POST: Refining the Problem — More work with NYPL’s open data, Part Two

In part II of his experiment to create an index of items using the New York Public Library’s What’s on the menu? data set, Trevor Muñoz discusses his work with the data and some of the lessons he learned. Muñoz used the Open Refine tool and, finding the NYPL data set too large to easily work with, he discusses some of his workarounds. Muñoz concludes,

The larger question is whether there is a still a plausible vision for how a data curator could add value to this data set. The need to script around limitations of a tool increases the cost of normalizing the NYPL data.
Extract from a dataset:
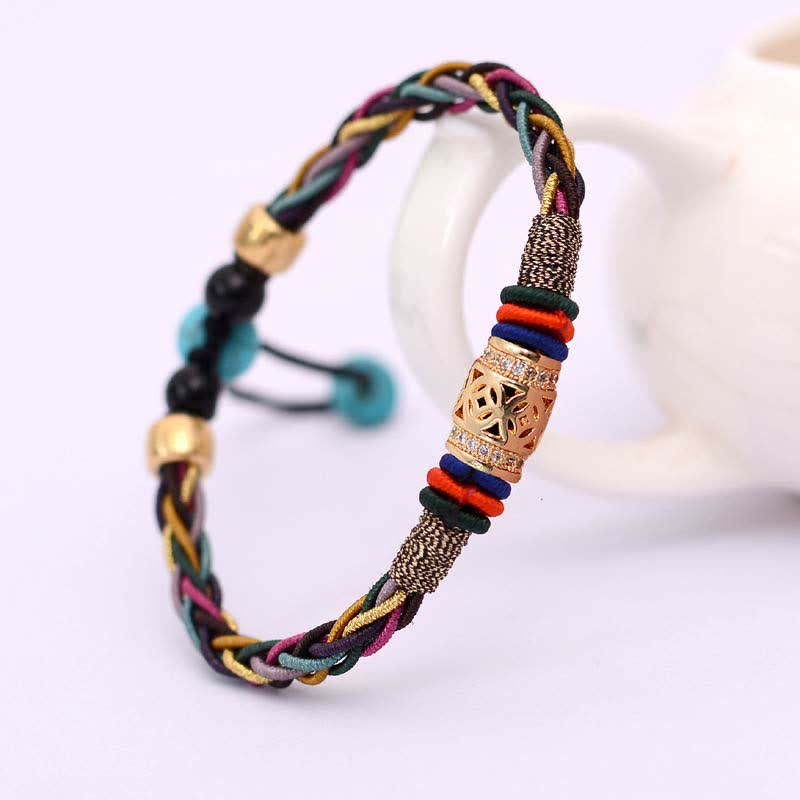 Tibetan Handmade Eight Thread Knot Copper Coin Luck Weave String Bracelet
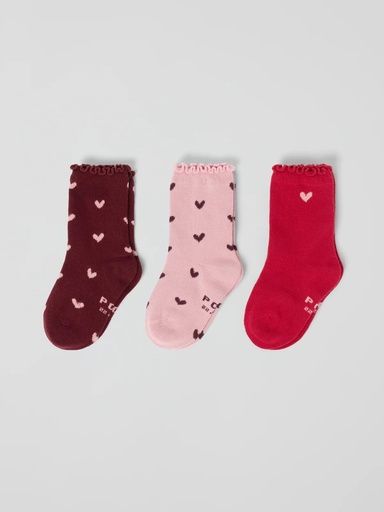 [01-39062.1] 3er-Pack Kindersocken mit Herzmotiv (22/24)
At the same time, the ability to see the clusters of similar values that Refine produces increases my confidence that the potential gain in data quality could be very substantial in going from the raw crowdsourced data to an authoritative index.

RESOURCE: NYPL Releases API

The New York Public Library was busy last week. In addition to announcing support for the DPLA, NYPL also released its Digital Collections API (Application Programming Interface), which allows users to submit large (and small) queries against the metadata for NYPL’s online collections. The API exposes the metadata, distributed under a CC0 license, for over 1 million objects and returns data in either XML or JSON format.

The API was created by NYPL’s Information Technology Group to help support the string of innovative projects coming from NYPL Labs, such as the Menus Project and Direct Me NYC 1940. On releasing the API, David Riordan, product manager for NYPL Labs, explains, “As a public library, we felt a responsibility to make this same data available to the public.”